_Instructions for the task_
For the records below, output each line exactly as it appears, from the first through the line with "2019 Nissan Pathfinder S".
BEGIN Exercise input
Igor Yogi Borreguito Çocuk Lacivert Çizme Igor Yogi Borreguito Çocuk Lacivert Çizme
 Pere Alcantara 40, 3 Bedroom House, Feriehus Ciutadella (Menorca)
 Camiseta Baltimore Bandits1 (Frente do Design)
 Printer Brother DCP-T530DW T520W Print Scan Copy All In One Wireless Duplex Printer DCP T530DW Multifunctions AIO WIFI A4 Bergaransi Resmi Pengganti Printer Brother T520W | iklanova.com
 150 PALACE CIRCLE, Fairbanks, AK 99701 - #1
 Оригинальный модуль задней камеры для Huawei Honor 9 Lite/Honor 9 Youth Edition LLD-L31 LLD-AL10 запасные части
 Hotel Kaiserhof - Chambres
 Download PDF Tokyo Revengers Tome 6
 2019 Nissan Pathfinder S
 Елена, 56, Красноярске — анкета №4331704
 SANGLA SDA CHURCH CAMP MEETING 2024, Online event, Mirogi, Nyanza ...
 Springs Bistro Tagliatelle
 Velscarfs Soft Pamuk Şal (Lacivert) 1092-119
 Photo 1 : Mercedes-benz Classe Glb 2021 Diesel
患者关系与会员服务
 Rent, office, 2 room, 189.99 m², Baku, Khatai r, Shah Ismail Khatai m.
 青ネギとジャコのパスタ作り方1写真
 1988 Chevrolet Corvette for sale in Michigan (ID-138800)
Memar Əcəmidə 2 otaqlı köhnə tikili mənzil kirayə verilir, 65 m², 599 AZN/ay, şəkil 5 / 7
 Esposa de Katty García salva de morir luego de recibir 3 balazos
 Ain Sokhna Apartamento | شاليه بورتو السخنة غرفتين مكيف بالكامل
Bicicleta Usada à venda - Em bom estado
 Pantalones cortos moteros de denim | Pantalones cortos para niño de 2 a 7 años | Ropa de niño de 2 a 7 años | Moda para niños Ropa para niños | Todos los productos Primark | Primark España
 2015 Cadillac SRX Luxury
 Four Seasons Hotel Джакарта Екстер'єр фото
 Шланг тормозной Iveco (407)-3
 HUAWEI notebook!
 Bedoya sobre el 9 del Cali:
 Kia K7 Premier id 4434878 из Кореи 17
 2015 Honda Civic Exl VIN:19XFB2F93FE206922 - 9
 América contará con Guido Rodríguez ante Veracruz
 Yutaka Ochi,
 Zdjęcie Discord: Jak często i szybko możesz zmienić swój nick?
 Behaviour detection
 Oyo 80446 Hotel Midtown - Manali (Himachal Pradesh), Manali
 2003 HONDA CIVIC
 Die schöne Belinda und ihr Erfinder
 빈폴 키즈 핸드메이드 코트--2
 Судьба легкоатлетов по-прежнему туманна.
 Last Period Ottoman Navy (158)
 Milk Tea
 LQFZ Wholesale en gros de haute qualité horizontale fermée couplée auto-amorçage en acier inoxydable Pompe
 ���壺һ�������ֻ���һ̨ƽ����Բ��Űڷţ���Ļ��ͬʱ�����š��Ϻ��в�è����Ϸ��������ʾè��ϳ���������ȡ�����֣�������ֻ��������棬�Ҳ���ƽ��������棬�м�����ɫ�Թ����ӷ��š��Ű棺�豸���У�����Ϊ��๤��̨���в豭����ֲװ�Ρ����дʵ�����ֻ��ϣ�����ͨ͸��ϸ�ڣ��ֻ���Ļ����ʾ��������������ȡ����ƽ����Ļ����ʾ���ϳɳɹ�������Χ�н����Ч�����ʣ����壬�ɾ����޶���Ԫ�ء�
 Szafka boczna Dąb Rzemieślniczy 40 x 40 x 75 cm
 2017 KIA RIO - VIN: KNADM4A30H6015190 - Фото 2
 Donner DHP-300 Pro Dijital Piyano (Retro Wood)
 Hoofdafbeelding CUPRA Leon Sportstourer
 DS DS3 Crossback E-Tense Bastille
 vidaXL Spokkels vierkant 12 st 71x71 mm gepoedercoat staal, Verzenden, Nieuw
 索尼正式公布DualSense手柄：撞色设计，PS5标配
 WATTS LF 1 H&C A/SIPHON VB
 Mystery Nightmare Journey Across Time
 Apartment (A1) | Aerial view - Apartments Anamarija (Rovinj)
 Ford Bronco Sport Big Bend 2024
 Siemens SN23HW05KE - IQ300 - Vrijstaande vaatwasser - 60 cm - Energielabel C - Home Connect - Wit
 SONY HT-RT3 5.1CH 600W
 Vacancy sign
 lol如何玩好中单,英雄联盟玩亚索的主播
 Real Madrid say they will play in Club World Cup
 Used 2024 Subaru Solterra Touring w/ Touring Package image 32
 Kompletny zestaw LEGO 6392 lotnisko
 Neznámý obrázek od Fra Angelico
END Exercise input
_Written response_
Igor Yogi Borreguito Çocuk Lacivert Çizme Igor Yogi Borreguito Çocuk Lacivert Çizme
 Pere Alcantara 40, 3 Bedroom House, Feriehus Ciutadella (Menorca)
 Camiseta Baltimore Bandits1 (Frente do Design)
 Printer Brother DCP-T530DW T520W Print Scan Copy All In One Wireless Duplex Printer DCP T530DW Multifunctions AIO WIFI A4 Bergaransi Resmi Pengganti Printer Brother T520W | iklanova.com
 150 PALACE CIRCLE, Fairbanks, AK 99701 - #1
 Оригинальный модуль задней камеры для Huawei Honor 9 Lite/Honor 9 Youth Edition LLD-L31 LLD-AL10 запасные части
 Hotel Kaiserhof - Chambres
 Download PDF Tokyo Revengers Tome 6
 2019 Nissan Pathfinder S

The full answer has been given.